The intervention by Congressman John Sullivan and Senators Coburn and Inhofe seems to have given the Council the backing they needed to take up this issue. Here you can read a letter from Sullivan to Mayor Kathy Taylor prior to the Council vote, and here is one from after the vote, urging her to implement the resolution.
Some further notes on local law enforcement and illegal immigration
In a letter to the head of ICE, Sullivan repeats his call for expediting the Sheriff's Office application for 287(g) status:
I believe that a 287(g) designation, which would allow for the cross deputization of Tulsa County Sherriff’s deputies and jail personnel, would help to mitigate these problems by ensuring that Oklahoma law enforcement personnel have the authority, training, and tools they need to report and detain criminal aliens in the course of their regular duty. If implemented in Tulsa, the 287(g) program would act as a force multiplier for ICE and help protect our communities from terrible incident like the one mentioned above.
Nashville police recently obtained 287(g) status. This case is one of the reasons they pursued it vigorously:
Garcia was charged with two counts of vehicular homicide while intoxicated and evading arrest. Court officials said he has reached a deal with prosecutors and will plead guilty today, the same day the trial was scheduled to begin. His lawyer, Assistant Metro Public Defender Glenn Dukes, did not return a call seeking comment.Garcia is being held at the Metro Jail under an immigration hold, which means he'll be turned over to federal authorities after any criminal sentence he might serve.
But Garcia was well known to law enforcement before the fatal accident.
County records show that he had been booked into the Metro Jail on at least 14 different occasions since 1997.
Besides the DUI cases, he had been charged with domestic assault, leaving the scenes of accidents, driving on a revoked or suspended license, resisting arrest, disorderly conduct, theft, failing to have insurance and driving with an open container.
On at least one occasion, local authorities said, Garcia was flagged by federal authorities and deported, only to return and resume his streak of arrests.

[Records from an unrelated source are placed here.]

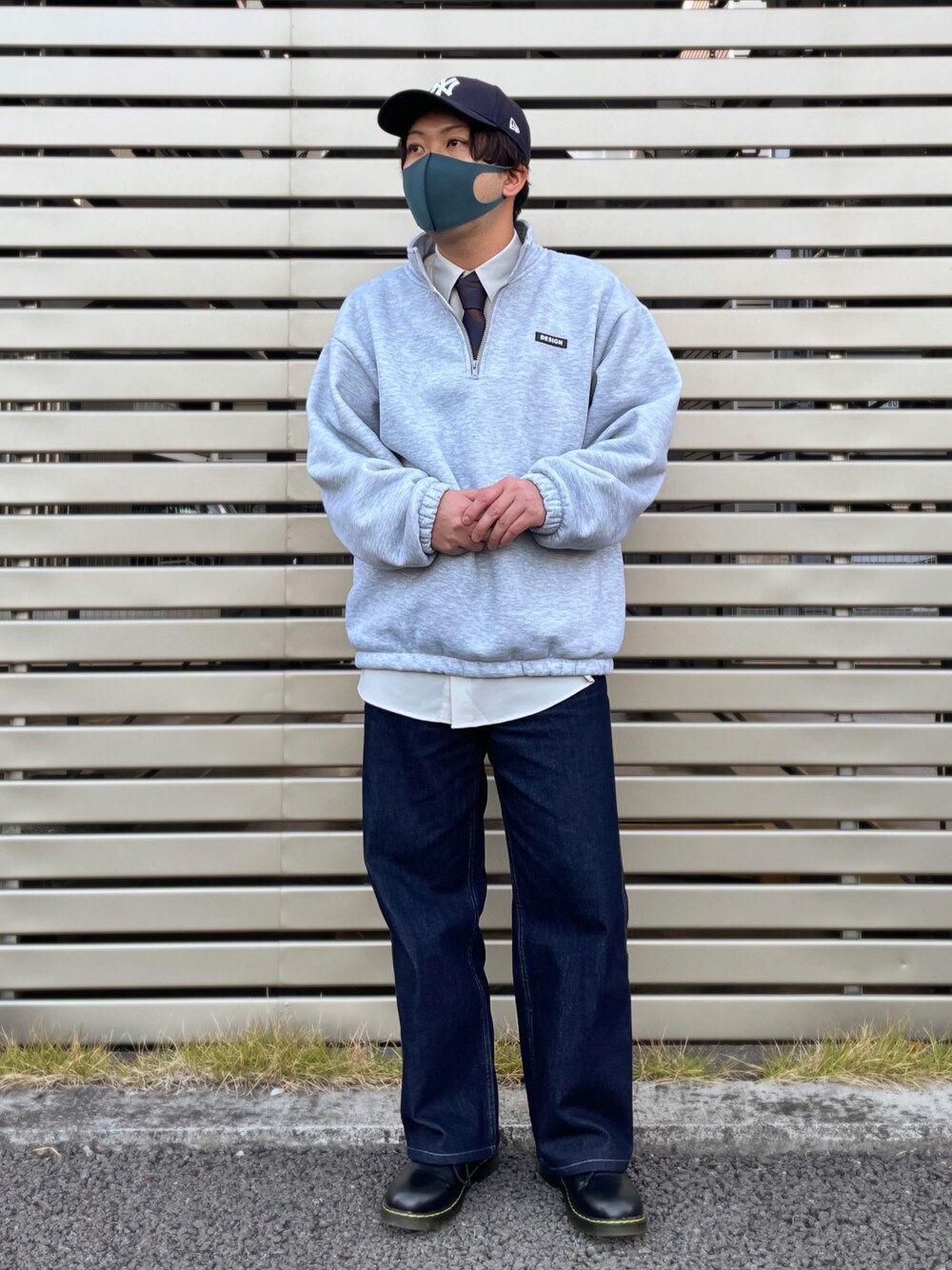 グレー系のスウェット、グレー系のシャツ/ブラウス、ブルー系のデニムパンツを着用したメンズの秋コーディネートの1枚目の写真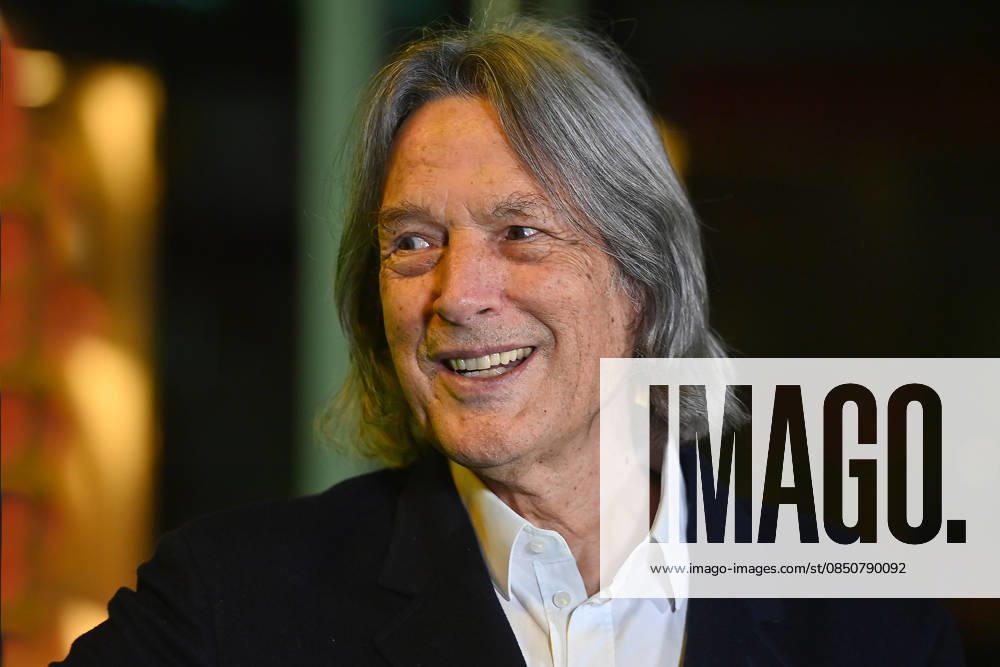 Hans Wilhelm MUELLER WOHLFAHRT, single image, cropped single motif, portrait, portrait Premiere EIN SOMMER IN ITALIEN WM 1990 am 16 03 20226 im Mathaeser Kino in Muenchen Roter Teppich,Red Carpet
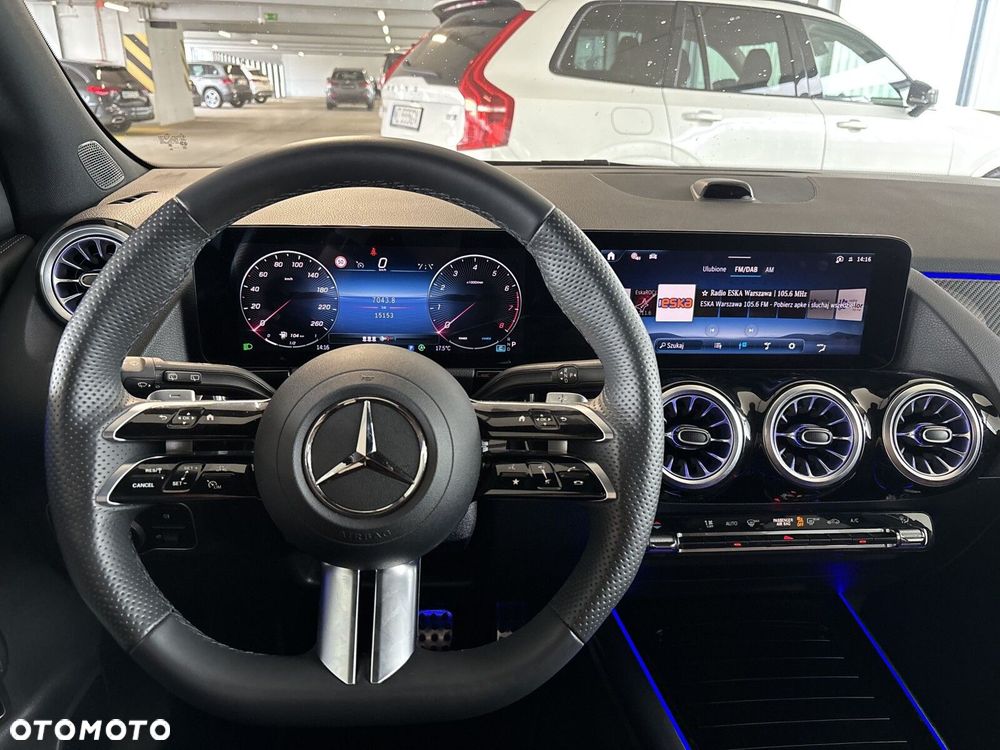 Mercedes-Benz GLA - 12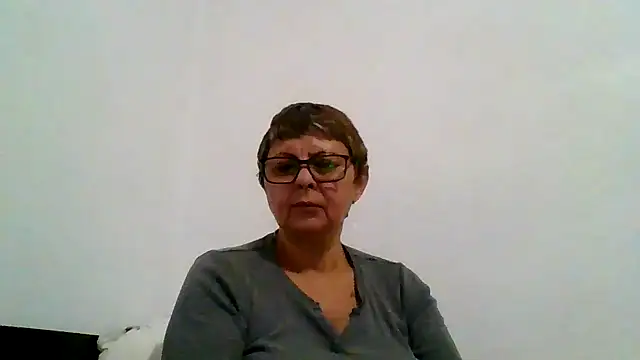 roseblak42 online show from November 6, 2025, 5:50 pm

The other times, Garcia went to court, was jailed for some period and released. Sheriff's officials said they routinely sent notification to federal immigration authorities that they had booked a foreign-born inmate.
Nashville hopes to replicate the success of 287(g) in Charlotte, N.C.:
In the seven-month period following the implementation of its 287(g) immigration enforcement program, Charlotte, N.C. saw significant decreases in the number of Hispanics arrested for Driving Under the Influence (DUI), the total number of DUI-related arrests among Hispanic persons and the amount of Hispanic gang-related crime, law enforcement personnel there said.In the program’s first nine months, Charlotte’s specially trained sheriffs identified 1,520 arrestees as having entered the country illegally.
All were marked for deportation back to one of the 31 different countries — mostly Central and South American — from which those 1,520 individuals came, Mecklenburg County Sheriff Jim Pendergraph told WFAE (Charlotte) talk radio last month.
And a full 20 percent of the foreign-born persons who were brought into the jail and subsequently identified though 287(g) had been arrested for drunken driving, Pendergraph said.
At the same time, a statistical analysis by the Sheriff’s Office shows that the number of Hispanic-related DUI incidents and arrests fell sharply in the months following the beginning of 287(g).
From 2005 – when sheriff’s deputies had to request an arrestee’s immigration information from a federal database in Vermont, as they still have to do in Nashville – to 2006, the number of Hispanic persons arrested for DUI decreased by 26 percent.
Additionally, the number of overall DUI-related arrests of Hispanic persons decreased by 63 percent – from 1,379 to 508 – during the same period.